▸ **What is required**:
From the first line to the last, return the data exactly as it stands.
### Material provided
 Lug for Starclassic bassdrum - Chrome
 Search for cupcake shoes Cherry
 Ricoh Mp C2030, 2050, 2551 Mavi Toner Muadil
######
▸ **Expected output**:
 Lug for Starclassic bassdrum - Chrome
 Search for cupcake shoes Cherry
 Ricoh Mp C2030, 2050, 2551 Mavi Toner Muadil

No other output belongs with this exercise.